Hello, Can you please provide more information on how to calculate the reflectance of a non-grey standard?
“An ideal grey standard is perfectly grey (i.e. has equal reflectance across the entire spectral range the camera is sensitive to). However, sometimes a standard might be dirty, or you need to use a non-grey standard. This option allows you to specify different reflectance levels for the different image channels. You can work out what these levels are by photographing your imperfect/non-grey standard against a true grey standard, and measuring the reflectance of your non-grey standard relative to the true grey.“
You need to measure your standard relative to a “perfect” standard (not that such a thing really exists). E.g. a flattened pile of barium sulphate powder is pretty much 99% reflectance and diffuse. As are very expensive spectralon standards.

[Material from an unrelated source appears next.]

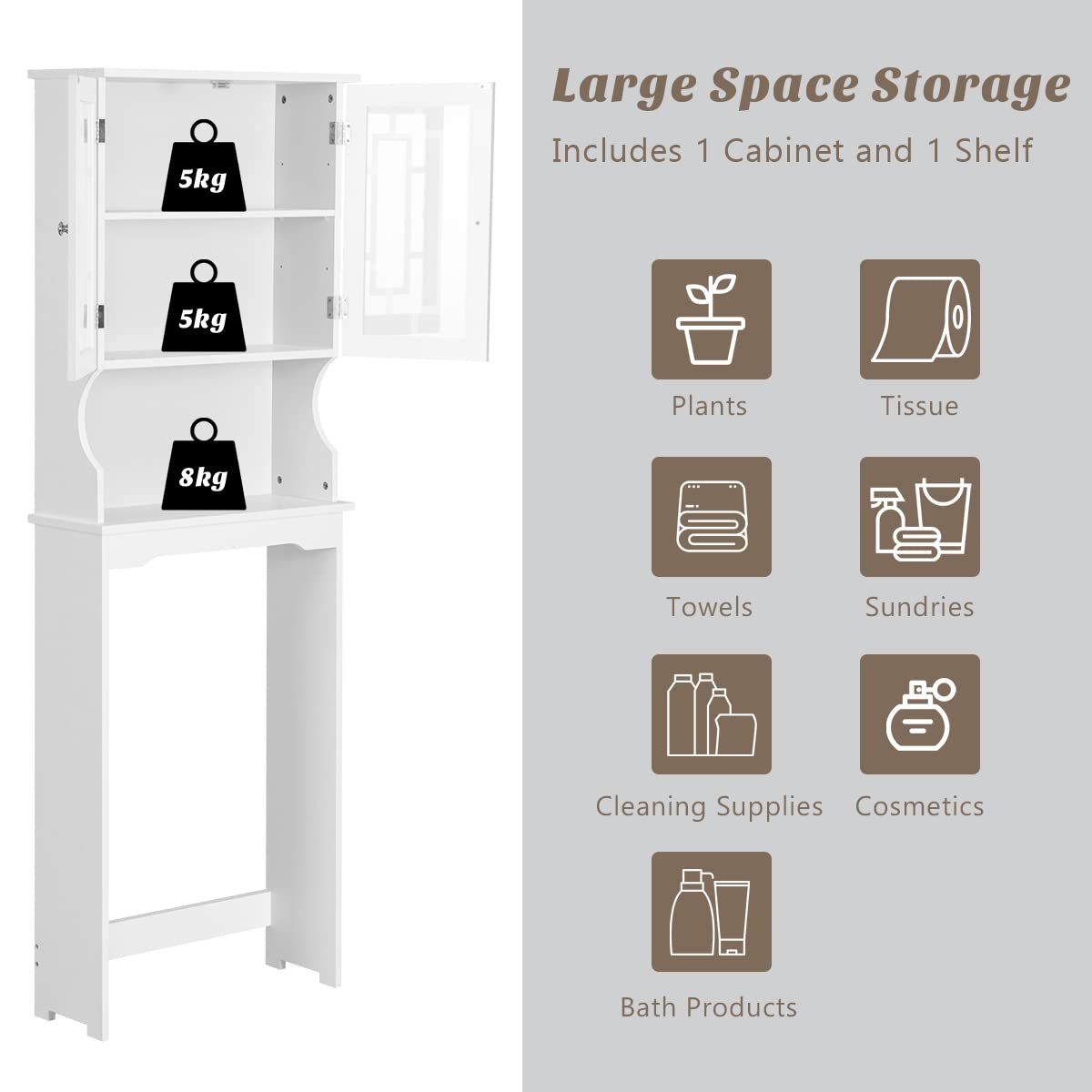 Giantex Over The Toilet Storage Cabinet, Freestanding Over Toilet Storage Rack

Photograph your imperfect standards next to this known “perfect” standard. Create an mspec image using only the known standard. Then measure the camera’s linear responses to your imperfect standards (as linear reflectance relative to the perfect standard in the mspec image). This will incorporate the imperfections in reflectance as viewed by that camera (so it might vary with other cameras). now just use those values for the imperfect standards. Run a test on that same calibration image backwards and check that it makes the “perfect” standard 99% in each channel.
Unfortunately, the Spectralon is too expensive. I do however have a X-rite Passport. Would it be possible to use the 91.57% area on the Passport to do this? 91.57% is the highest reflectance value available on the Passport, correct?